Sharing these data out of the organization’s boundaries is not a viable solution since the anonymization 
of data may not be possible for certain data types such as genomic data and also since linking data sets 
increases the re-identification risk. Alternatively, research communities build domain-specific data 
infrastructures [11] e.g., bioinformatics, cohort studies, clinical research or biobanks. The problem of 
accessing data outside of the network remains, and since data are collected for a specific use and duplicated 
outside of the first data source, it limits the record linkage and integration of multimodal data. 


As a technical solution to centralized data sharing, i2b2 or DataShield provide software and tools to 
support querying and analysis of sensitive data in a distributed fashion by proposing their own technology 
stack and tools [12, 13, 14]. Nonetheless, since health data are generated and stored in a highly diverse 
system by heterogeneous stakeholders, it is very unlikely that these infrastructures will converge on a single 
solution. 


Another aspect is social and cultural. The sensitive nature of health data makes individuals and institutions 
hesitant to share their data. From the public perspective, people are more willing to accept and participate 
in data sharing if they are informed about existing safeguards and governance mechanisms.
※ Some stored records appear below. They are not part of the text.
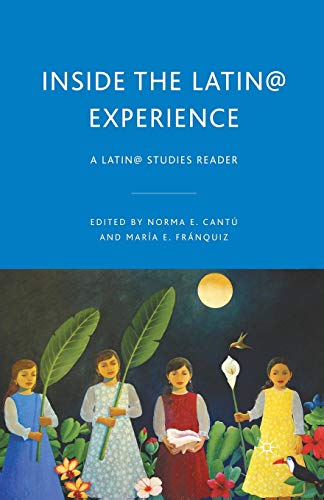 Stock image for Inside the Latin@ Experience: A Latin@ Studies Reader for sale by THE SAINT BOOKSTORE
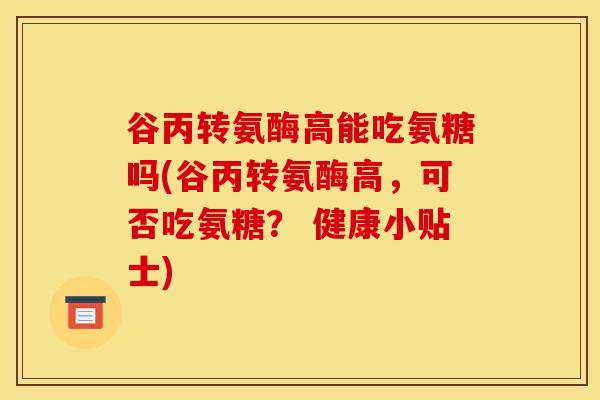 谷丙转氨酶高能吃氨糖吗(谷丙转氨酶高，可否吃氨糖？ 健康小贴士)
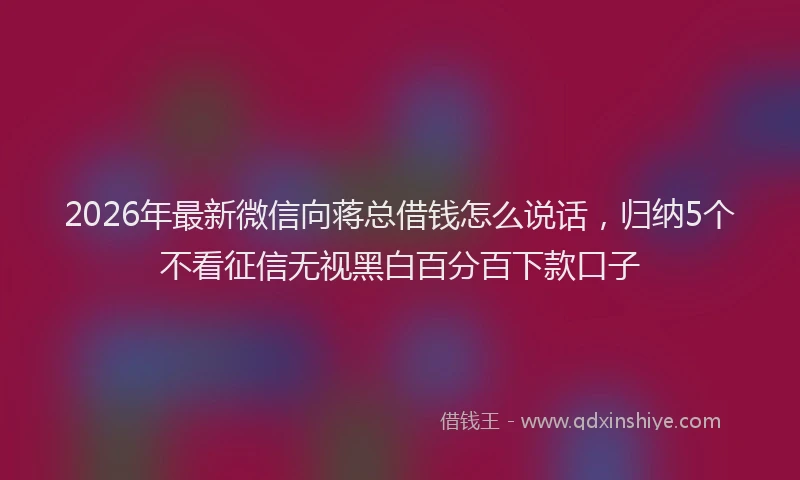 2026年最新微信向蒋总借钱怎么说话，归纳5个不看征信无视黑白百分百下款口子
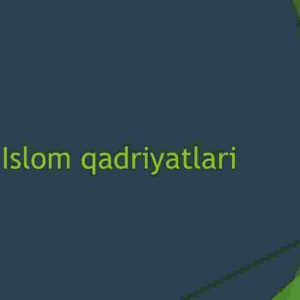 Islom qadriyatlari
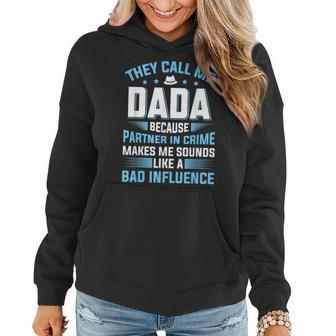 Mens They Call Me Dada Because Partner In Crime Fathers Day Women Hoodie - Seseable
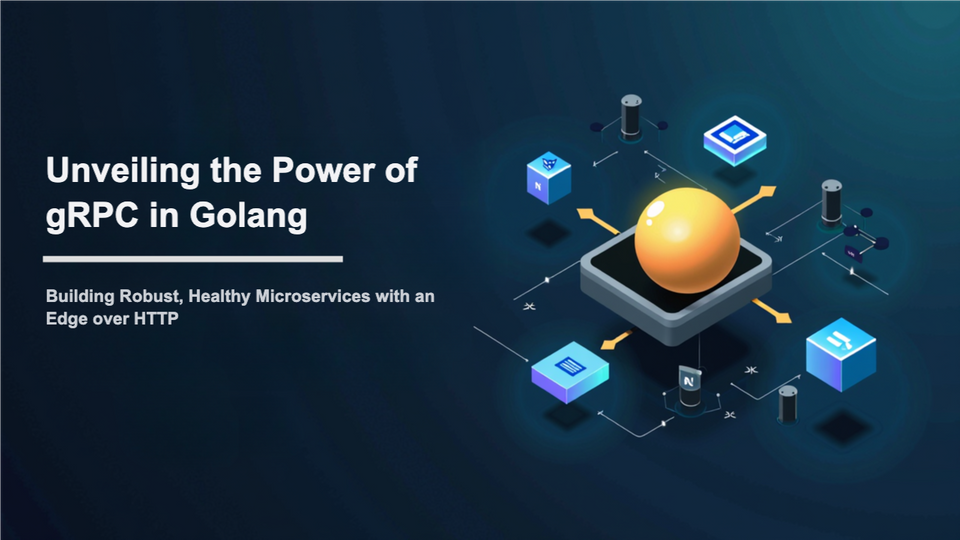Unveiling the Power of gRPC in Golang: Building Robust, Healthy Microservices with an Edge over HTTP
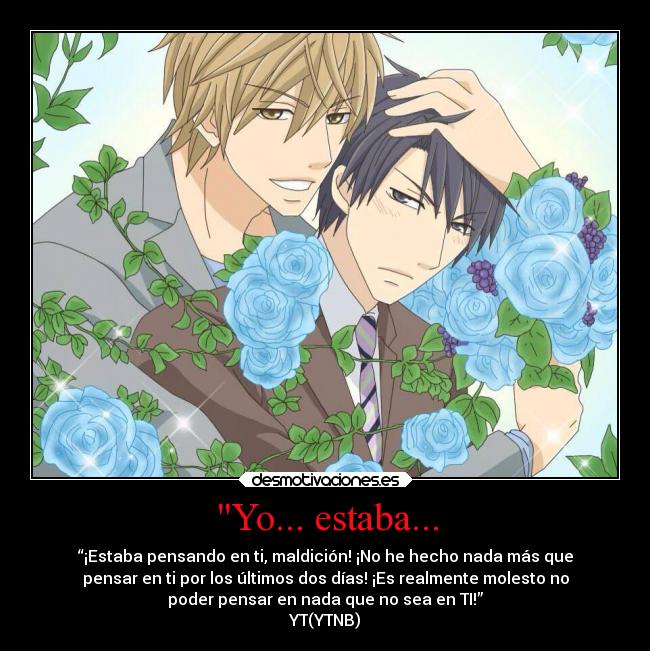 Yo... estaba... - “¡Estaba pensando en ti, maldición! ¡No he hecho nada más que
pensar en ti por los últimos dos días! ¡Es realmente molesto no
poder pensar en nada que no sea en TI!”
YT(YTNB)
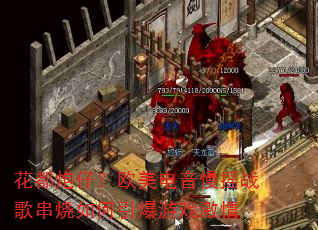 花都炮仔?欧美电音慢摇战歌串烧如何引爆游戏激情 花都炮仔?欧美电音慢摇战歌串烧如何引爆游戏激情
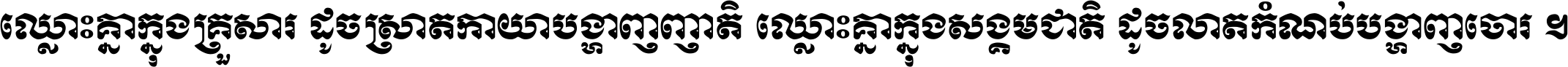 ឈ្លោះ​គ្នា​ក្នុង​គ្រួសារ ដូច​ស្រាត​កាយា​បង្ហាញ​ញាតិ ឈ្លោះគ្នាក្នុង​សង្គមជាតិ ដូច​លាត​កំណប់​បង្ហាញ​ចោរ ។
They are willing 
to contribute to science for better care and wellbeing; however, they want to decide who can use their 
data, for what purposes and make sure data users are accountable for their actions. A survey among 603 
secondary data users shows that 56% of the researchers who are willing to share their data demand a 
context with access control, and want to have a say or at least knowledge regarding the use of the data 
[15]. The current data sharing practice does not allow the owners to decide who can access the data and 
for which purpose. Although data sharing and licensing agreements set terms and conditions such as the 
limitation to a certain number of research purposes, the conditions of data transfer, not allowing attempts 
to establish individual identities or a maximally allowed time before data have to be destroyed, once data 
is out of the institutional boundaries, there is no mechanism for enforcement of these policies. 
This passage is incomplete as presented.